Sorry, I only read the initial post in this forum, which is about Windows support.
Apparently, this post has moved to a different topic.
Is it now about Gramps Web performance? Why? Most of the thread seems to refer to Gramps desktop. I’m confused.
Sorry, I only read the initial post in this forum, which is about Windows support.
Apparently, this post has moved to a different topic.
Is it now about Gramps Web performance? Why? Most of the thread seems to refer to Gramps desktop. I’m confused.
If you have followed the discussions about switching from BLOBs to JSON, you will know that this is only the first step toward achieving faster database transactions in Gramps. These improvements need to be introduced gradually. The next step might involve adding indexes, views, and functions directly within the database. However, it is important to remember that anything beyond basic SQL differs significantly between MySQL/MariaDB, SQLite, Oracle, PostgreSQL, and MS SQL Server. To make this work across different backends, developers need expertise not only in Python but also in the respective database query languages.
That said, I agree with you: in many cases, it would be beneficial to have a faster, “real” database engine as the backend. Nick has expressed openness to the idea of supporting multiple database formats in the future—or at least an interest in the concept.
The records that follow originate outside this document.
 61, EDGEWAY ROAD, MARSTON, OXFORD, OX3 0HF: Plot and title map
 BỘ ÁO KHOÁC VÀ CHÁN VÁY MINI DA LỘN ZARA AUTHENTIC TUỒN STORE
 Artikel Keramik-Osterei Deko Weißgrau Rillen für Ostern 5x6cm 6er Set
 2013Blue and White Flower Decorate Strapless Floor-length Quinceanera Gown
If enough people speak positively about such changes, they may eventually happen.
For those who want to run Gramps against a PostgreSQL database on Windows, one option is to use WSL2, install Gramps there, and connect to the database on the Windows host. I did this myself with both MongoDB and PostgreSQL while the MongoDB DB-API was still functional, but since I am not a developer, I was unable to get the updated MongoDB drivers working.
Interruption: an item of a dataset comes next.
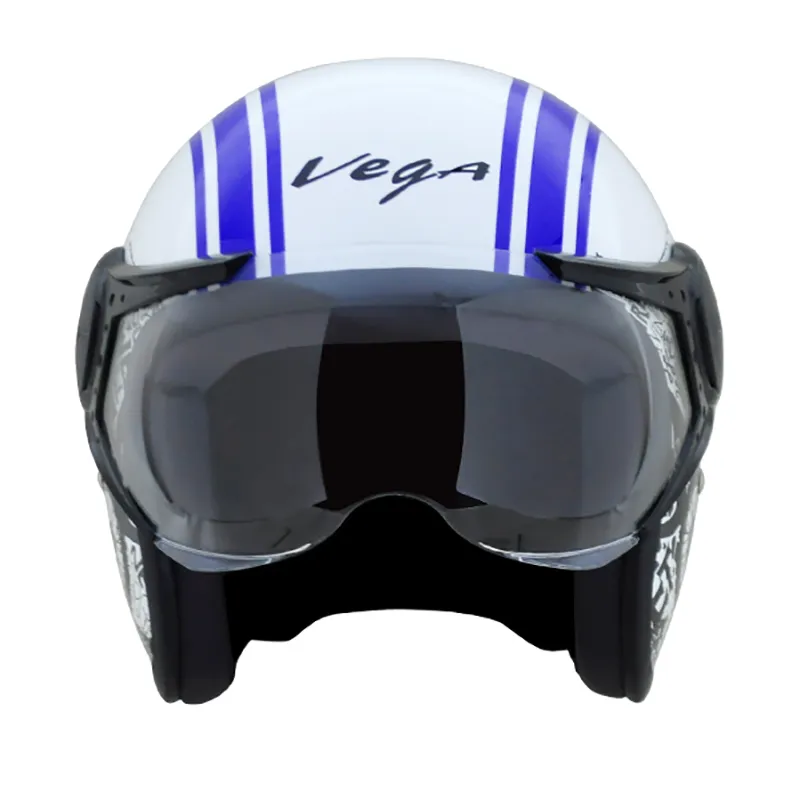 VEGA Jet Old School White Blue Half Face Helmet
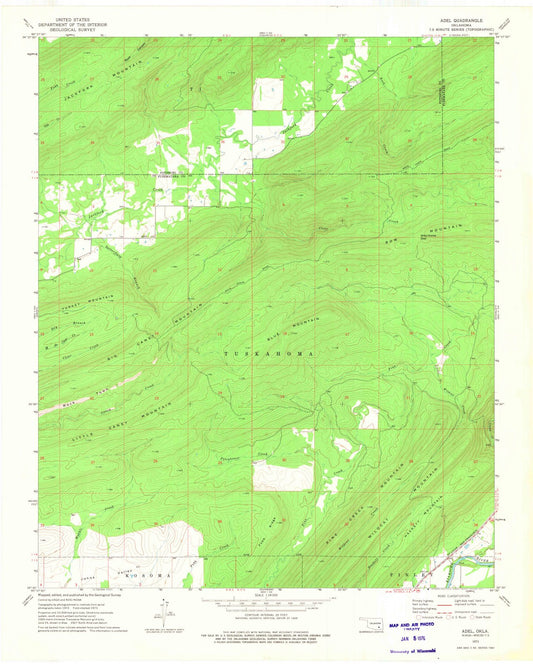 1973 Adel, OK - Oklahoma - USGS Topographic Map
At that time, the practical speed differences compared to SQLite were negligible—whether running in the same environment or installed directly on the Windows host. I later switched from SATA SSDs to NVMe SSDs, which shaved off a few seconds, but the improvement was barely noticeable. And again, back then the backend was still based on BLOBs…
Nick and the developers listen and changed from BLOBS to JSON…
but you use Linux all the way, do you not?
We usually install different database backends to get better performance in general, even on Windows…
I can tune a MS SQL Server way better than I can with MariaDB or SQLite, actually even a JET database can get some speed and hold relatively big dataset if done right..
It only has to do with general performance specially with bigger datasets…
I don’t know if you remember but a few years ago I tried to do som performance tests on a 300K place dataset importing it to Gramps, it was not possible to do that except to the MongoDB backend directly.
86000 was absolutely max I got in running it on my Windows Workstation AMD platform, with more than enough RAM, NVME SSDs etc.
Gramps just stopped mid ways… both with CSV and XML as a input file…
My personal experience after nearly 50 years of software development tells me that you always come to the point where it makes more sense to start all over again instead of trying to implement gradual improvements. Everybody (me included) hates this point and the consequences if and when arriving at it, but the existence of this point is simply a fact of life.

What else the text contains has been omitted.